Data to use
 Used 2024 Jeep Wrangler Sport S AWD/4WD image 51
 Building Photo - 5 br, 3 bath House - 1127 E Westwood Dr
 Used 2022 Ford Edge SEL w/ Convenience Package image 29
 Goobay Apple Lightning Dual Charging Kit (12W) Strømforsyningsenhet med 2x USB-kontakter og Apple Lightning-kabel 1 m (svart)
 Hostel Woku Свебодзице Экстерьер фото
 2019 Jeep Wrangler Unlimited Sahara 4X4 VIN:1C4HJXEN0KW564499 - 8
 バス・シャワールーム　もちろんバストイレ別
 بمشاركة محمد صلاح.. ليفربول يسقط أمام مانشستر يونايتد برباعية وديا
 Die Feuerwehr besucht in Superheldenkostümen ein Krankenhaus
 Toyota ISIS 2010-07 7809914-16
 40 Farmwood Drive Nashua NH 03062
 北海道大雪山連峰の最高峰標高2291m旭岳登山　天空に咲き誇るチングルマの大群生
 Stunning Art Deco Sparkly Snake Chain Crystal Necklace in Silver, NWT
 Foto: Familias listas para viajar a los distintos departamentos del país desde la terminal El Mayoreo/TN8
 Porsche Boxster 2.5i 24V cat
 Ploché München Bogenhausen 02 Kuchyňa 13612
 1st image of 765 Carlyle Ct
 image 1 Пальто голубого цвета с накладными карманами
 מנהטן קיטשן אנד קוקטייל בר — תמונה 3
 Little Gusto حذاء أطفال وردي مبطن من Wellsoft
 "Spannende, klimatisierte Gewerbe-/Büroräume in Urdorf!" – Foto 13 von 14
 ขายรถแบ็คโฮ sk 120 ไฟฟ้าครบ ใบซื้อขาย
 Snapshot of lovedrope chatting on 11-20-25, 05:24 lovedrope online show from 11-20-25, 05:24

Activity
Once you find the line with "Stunning Art Deco" above, print it and every line after it up to and including the line with "1st image of 765 Carlyle Ct", exactly as written and nothing else.

Exercise solution
 Stunning Art Deco Sparkly Snake Chain Crystal Necklace in Silver, NWT
 Foto: Familias listas para viajar a los distintos departamentos del país desde la terminal El Mayoreo/TN8
 Porsche Boxster 2.5i 24V cat
 Ploché München Bogenhausen 02 Kuchyňa 13612
 1st image of 765 Carlyle Ct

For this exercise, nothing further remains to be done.